Pour l'instant, il n'y a pas eu d'exemple d'études de transitions de phase de type brisure de symétrie avec une relation groupe/sous-groupe dans des quasi-cristaux et un nombre assez limité de ce type d’études existe pour des cristaux composites apériodiques. Une véritable difficulté concernant l’étude des transitions de phase dans des cristaux apériodiques par construction est liée à l'infinité de pics de Bragg attendue en théorie dans l'espace de diffraction (espace réciproque) d'un tel cristal dans toutes ses phases. Expérimentalement, il apparait donc souvent la nécessité d'une très haute résolution spatiale pour séparer ces pics de Bragg. Une seconde condition implicite est une excellente qualité cristalline du matériau étudié, l'observation expérimentale étant limitée à la fois par la résolution du diffractomètre et par la mosaïcité du cristal. 

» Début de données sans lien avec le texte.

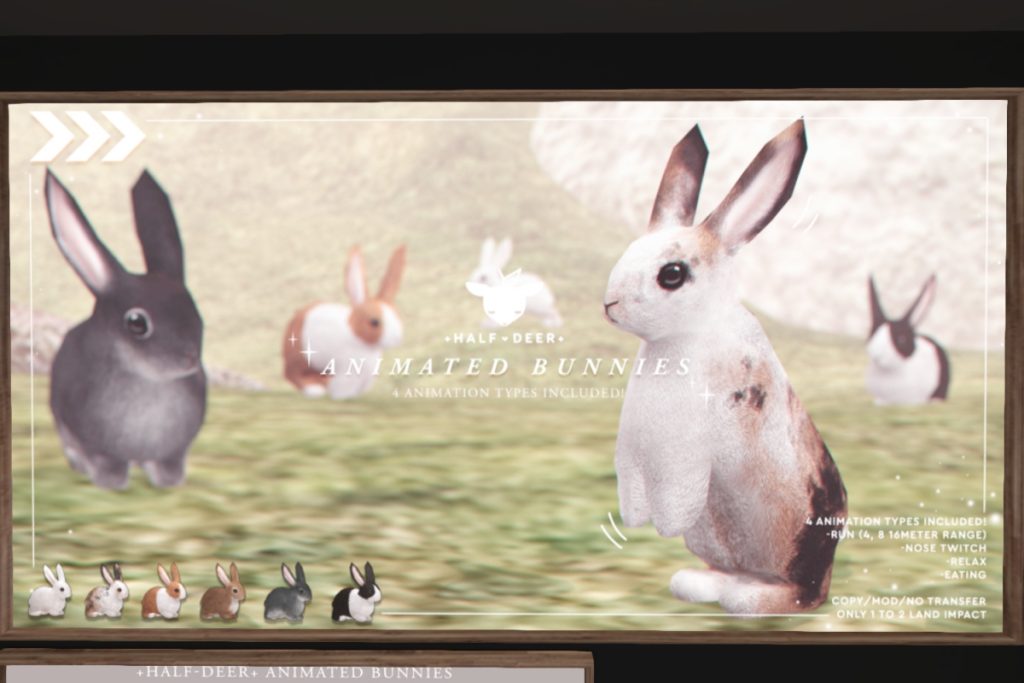 Animated Bunnies, L$319 each/L$699 FP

En utilisant la diffusion de neutrons froids sur un spectromètre trois axes au Laboratoire Léon Brillouin (Orphée), nous avons ainsi mis en évidence l'apparition d'une modulation incommensurable de très grande longueur d'onde. Ces études combinées à des études de diffraction à l'ESRF sur le spectromètre X inélastique à rétrodiffusion ID28, fonctionnant comme un spectromètre trois axes, ont révélé une longueur de cette modulation supplémentaire de 0,23 micron. Ce résultat a été obtenu sur le cristal composite apériodique n-nonadécane/urée, cristal apériodique de dimension 4 par construction.

Ces études ont ainsi aussi définitivement établi la séquence de phase de ce composé à l'intérieur du super-espace cristallographique. Partant d'une phase de haute symétrie de dimension 4, hexagonale P6122(00γ), il présente une première transition de phase à une température Tc1 (valeur avec effet isotopique) vers une phase orthorhombique centrée dans un espace de dimension 5 C2221(00γ)(10δ), puis une seconde transition de phase à Tc2 vers une phase primitive dans le super-espace de dimension 5 lui aussi P212121(00γ)(00δ).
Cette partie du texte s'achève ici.